If a patient is found to have low back pain and a gait disturbance (hyperreflexia), then the patient may have an upper motor neuron lesion. Think of the cervical spine! The physician will want to order an MRI of the cervical spine after examining the patient. Cervical spine myelopathy should be remembered because lumbar stenosis does not give these findings! A patient with spinal stenosis, spondylolisthesis, or facet disease will have pain with extension of the lumbar spine. Pain with lumbar spine flexion will suggest a disc related disorder.
The Faber test is helpful in determining the presence of sacroiliac (SI) joint problems. The sacroiliac joint is one of the most neglected areas that may cause low back pain. The sacroiliac joint is always forgotten, unappreciated, and misunderstood as a possible source of low back pain. There are give categories of tests included in the Waddell’s sign:
· Simulation tests
· Tenderness tests
· Flip test
· Nonanatomic weakness and sensory findinns
· Overreaction- This is controversial and deals with patients who may be malingering or exaggerating their symptoms for the purpose of secondary gain.
The patient may have a Trendelenburg gait involvement due to the spine. A posterolateral L4-L5 disc herniation will affect the gluteus medius and gluteus minimus muscles. If the patient has a lumbar spine burst fracture, and the fracture is stable with no neurological deficit, the orthosis and surgery are equivalent to the clinical outcome. A patient with a burst fracture should be placed in the orthosis and ambulated. The absolute indication for emergency surgery is progression of neurological deficit with spinal canal compression. When you have a low lumbar burst fracture and a laminar fracture, you may have trapped nerve roots. There may also be a dural tear. Treatment will be in the form of a laminectomy, reduction, and fixation. As for seat belt lumbar spine injuries, the physician should also be aware of possible abdominal injuries and colon injuries in children.

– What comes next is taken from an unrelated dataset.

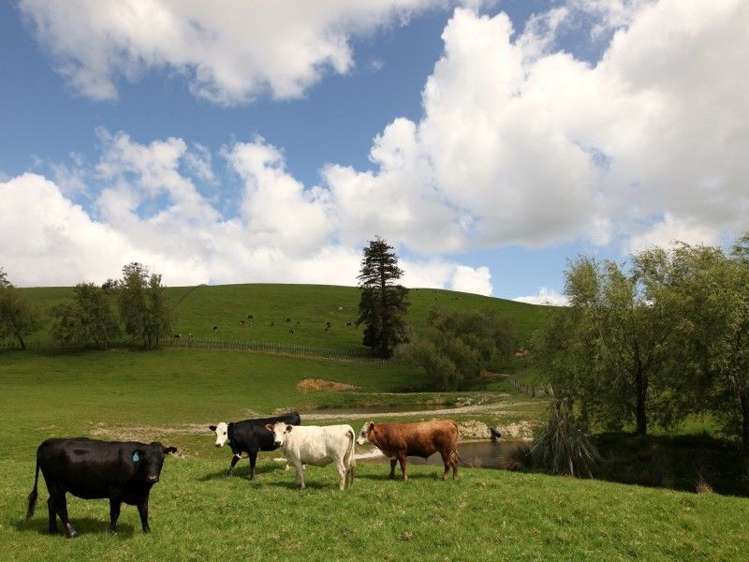 1019 Clevedon Kawakawa Road Clevedon_2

Anterior surgery can cause retrograde ejaculation and it can be caused by surgery due to injury of the sympathetic. Injury to the parasympathetic may cause erectile dysfunction and usually does not occur due to anterior surgery because the parasympathetic is deep within the pelvis. This injury is common found from a fractured pelvis with urethral tears. The dominant contributing factor with intravertebral disc degeneration is genetics. The risk factors for the development of adjacent segment degeneration is laminectomy adjacent to the fusion. Adjacent segment disease can be slipped instability disc herniation, facet arthritis, or a fracture. 30% of lumbar fusion will develop adjacent segment degeneration 10 years after surgery. Some physicians believe that lumbar total disc replacement reduces the incidence of accelerated degeneration of the adjacent segment.

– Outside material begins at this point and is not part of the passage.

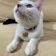 IVROGNE 猫ちゃん用迷子札 1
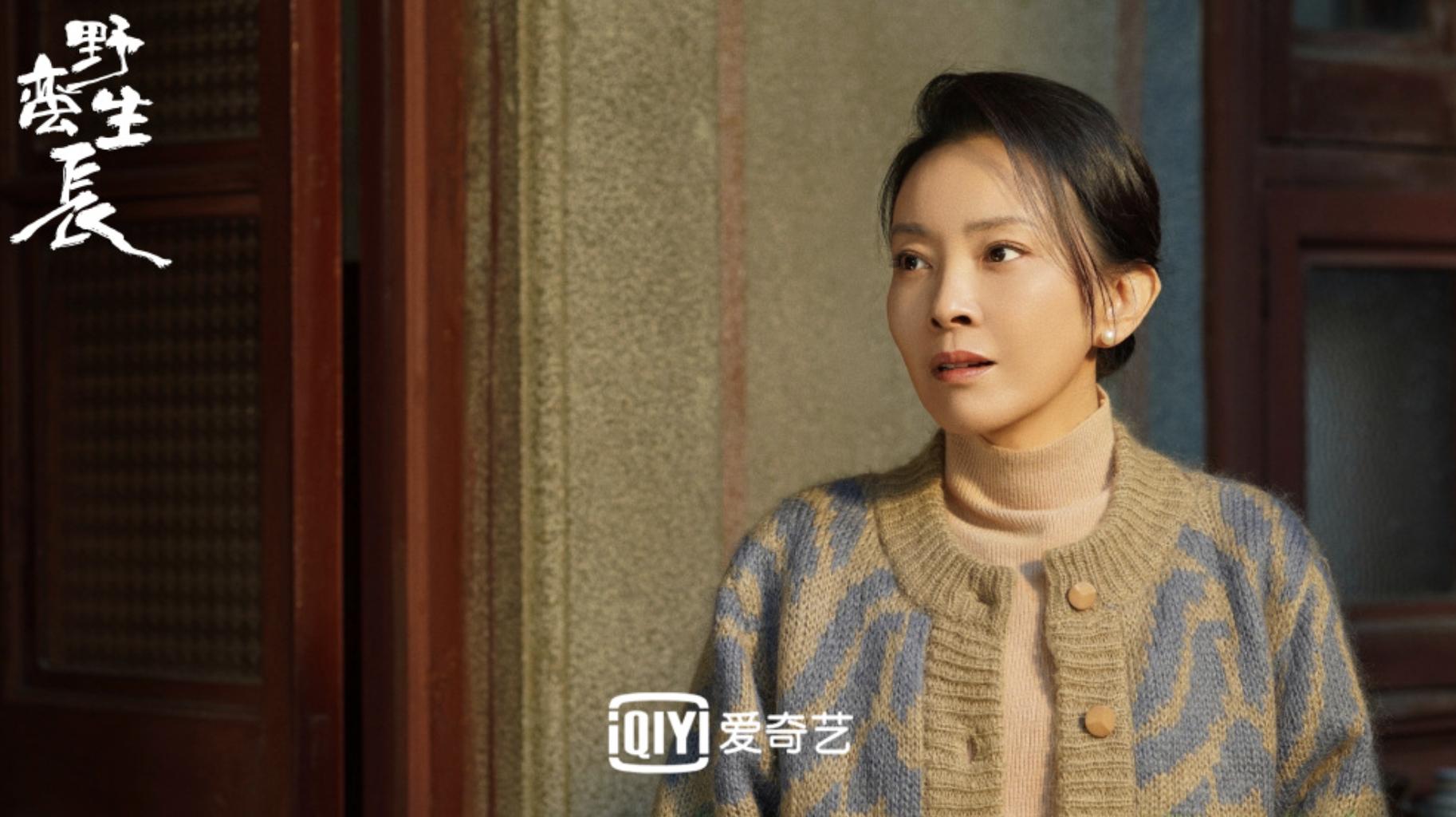 赵丽颖明年新剧,赵丽颖新剧野蛮生长定档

Thoracic spine disc problems usually occur in males. These issues are radicular pain that radiate to the ribs and anteriorly at the same level. These patients will have gait disturbance but a normal upper extremity examination. A lower extremity examination will show upper motor neuron findings (Clonus and Babinski). Plain x-rays should be ordered prior to an MRI (MRIs have a high false positive rate). Surgery is done if the patient has myelopathy; laminectomy is contraindicated.
Patients with low back pain and urethral discharge should be assessed for Reiter’s syndrome. HLA-B27 is positive in over 80% of cases. The sedimentation rate may be high. The physician should check for small joint arthralgia, Achilles tendonitis, or plantar fasciitis.